--- START ---

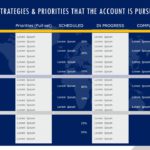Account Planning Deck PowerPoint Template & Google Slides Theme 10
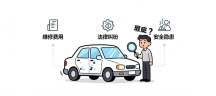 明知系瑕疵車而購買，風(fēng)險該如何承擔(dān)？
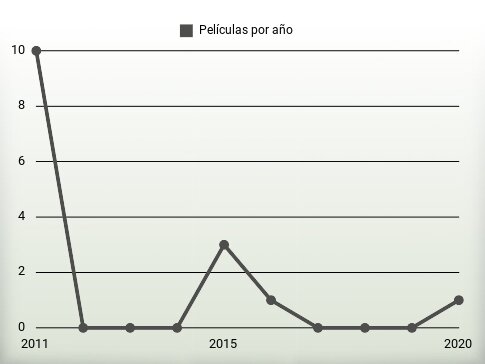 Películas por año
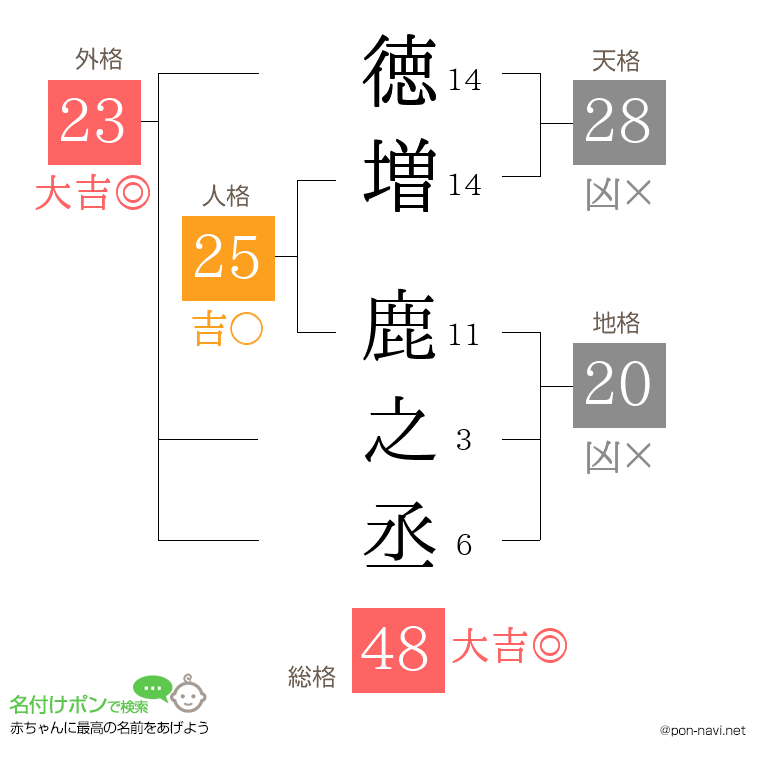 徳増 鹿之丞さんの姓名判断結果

--- END ---

Return the whole listing, word for word, and leave out every picture.

TASK ANSWER:
Account Planning Deck PowerPoint Template & Google Slides Theme 10
 明知系瑕疵車而購買，風(fēng)險該如何承擔(dān)？
 Películas por año
 徳増 鹿之丞さんの姓名判断結果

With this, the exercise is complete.